Most audiophile products are not dropping the headphone jack, so no, I doubt we will. They already offer dongles/adapters, so if you want to suffer the USB C only life, then you’re free to do that.
As always you gotta love Lisa’s reviews, and her closing comment about the SQ3 is great:
"A lot of people think that since you are giving concessions on performance sometimes (on the SQ3) why do I have to pay more for this?" and in a quieter voice she says “That is what it is.”
Another fairly positive review of the Pro9 5g in this case from Tom’s hardware. His experience tracks with mine.
BTW Intel based games are still essentially unplayable on WOA. I don’t game on mine, but My son was playing with my Pro 9 5g the other night and that was his pronouncement.
Microsoft Surface Pro 9 (SQ3) Review: Arm Takes Center Stage | Tom’s Hardware (tomshardware.com)

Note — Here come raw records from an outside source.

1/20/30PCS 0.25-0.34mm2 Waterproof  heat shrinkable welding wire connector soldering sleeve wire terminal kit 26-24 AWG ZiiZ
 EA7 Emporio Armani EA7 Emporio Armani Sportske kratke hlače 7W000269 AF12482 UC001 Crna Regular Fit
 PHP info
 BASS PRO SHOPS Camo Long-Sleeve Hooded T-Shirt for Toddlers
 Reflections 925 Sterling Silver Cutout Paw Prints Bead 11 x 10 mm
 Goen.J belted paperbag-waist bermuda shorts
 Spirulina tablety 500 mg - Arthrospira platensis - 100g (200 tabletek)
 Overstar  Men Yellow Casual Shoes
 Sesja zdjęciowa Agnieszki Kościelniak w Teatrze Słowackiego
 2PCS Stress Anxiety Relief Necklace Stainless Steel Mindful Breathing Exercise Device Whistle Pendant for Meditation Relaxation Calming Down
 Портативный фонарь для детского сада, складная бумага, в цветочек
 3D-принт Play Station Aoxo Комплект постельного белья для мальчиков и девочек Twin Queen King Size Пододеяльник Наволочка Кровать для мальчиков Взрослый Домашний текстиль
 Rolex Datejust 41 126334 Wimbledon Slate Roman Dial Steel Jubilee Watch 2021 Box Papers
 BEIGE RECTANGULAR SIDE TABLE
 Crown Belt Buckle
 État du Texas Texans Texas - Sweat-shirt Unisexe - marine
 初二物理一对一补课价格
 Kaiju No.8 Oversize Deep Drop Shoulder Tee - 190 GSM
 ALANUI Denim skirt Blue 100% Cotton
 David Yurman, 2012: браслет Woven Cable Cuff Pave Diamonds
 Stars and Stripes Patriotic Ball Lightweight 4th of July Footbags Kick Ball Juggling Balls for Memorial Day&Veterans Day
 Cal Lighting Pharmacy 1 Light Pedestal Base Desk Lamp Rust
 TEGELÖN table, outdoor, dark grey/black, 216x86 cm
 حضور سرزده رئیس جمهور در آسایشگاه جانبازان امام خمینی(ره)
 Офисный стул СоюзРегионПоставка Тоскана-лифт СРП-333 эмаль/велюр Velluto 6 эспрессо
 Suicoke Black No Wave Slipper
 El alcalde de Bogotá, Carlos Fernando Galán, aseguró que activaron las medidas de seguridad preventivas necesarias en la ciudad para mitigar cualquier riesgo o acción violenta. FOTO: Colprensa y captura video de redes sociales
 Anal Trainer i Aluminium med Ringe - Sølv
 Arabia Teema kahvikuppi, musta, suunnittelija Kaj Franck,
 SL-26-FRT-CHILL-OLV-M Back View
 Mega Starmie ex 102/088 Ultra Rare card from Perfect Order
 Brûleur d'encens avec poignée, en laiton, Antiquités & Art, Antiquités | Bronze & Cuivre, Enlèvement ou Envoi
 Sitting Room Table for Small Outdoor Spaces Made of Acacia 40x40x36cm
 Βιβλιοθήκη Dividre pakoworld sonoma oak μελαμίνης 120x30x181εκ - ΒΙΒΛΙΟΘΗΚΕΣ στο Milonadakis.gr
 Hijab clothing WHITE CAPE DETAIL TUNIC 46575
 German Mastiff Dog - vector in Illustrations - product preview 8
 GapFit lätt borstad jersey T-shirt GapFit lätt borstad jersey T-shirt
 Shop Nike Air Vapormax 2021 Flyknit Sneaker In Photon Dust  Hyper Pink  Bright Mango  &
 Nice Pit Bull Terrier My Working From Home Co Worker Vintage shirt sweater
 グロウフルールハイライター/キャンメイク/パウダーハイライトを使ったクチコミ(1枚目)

Is that because the iGPU is still exceptionally poor?
The display seems to have improved on color coverage and white point. Contrast ratio is a little down but could be down to manufacturing variance. Brightness is basically the same (within margin of error).
Surface Pro 9
Surface Pro 8
So I can’t believe I’m saying this given how often I bag on benchmarks, but based on them the iGPU is actually respectable comparable roughly to Intel’s XE when running native.
And the very small group of native games I’ve seen bear that out, though I will say that Apple performance is in a separate league.
I’ve been told by those that know far more than I do on the topic that emulating graphics is orders of magnitude harder than generic x86 instructions, for a variety of reasons not the least of which is the variety of architectures and associated IP
We are still wondering about that ourselves. MS initially told us that the display assembly (same panel, same digitizer)in the Pro 9 and Pro 9 5G was the same as the Pro 8 and that improvements we saw were due to reworked display management in Windows 11 21H2.
And that is absolutely immediately noticeably true with HDR content…
It’s also possible that there have been improvements in the manufacturing process and that possibly very late production Pro 8’s may show similar gains.
And I think I posted here that anecdotally I saw a bump in brightness moving from my Pro 8 to the Pro 9
That makes a lot of sense to me given that I tried a Windows game using the latest CrossOver version on my M1 Mac Mini yesterday and it certainly wasn’t the physical iGPU that made it run too poorly for my taste. Graphics drivers are hard, especially when translating/emulating across architectures.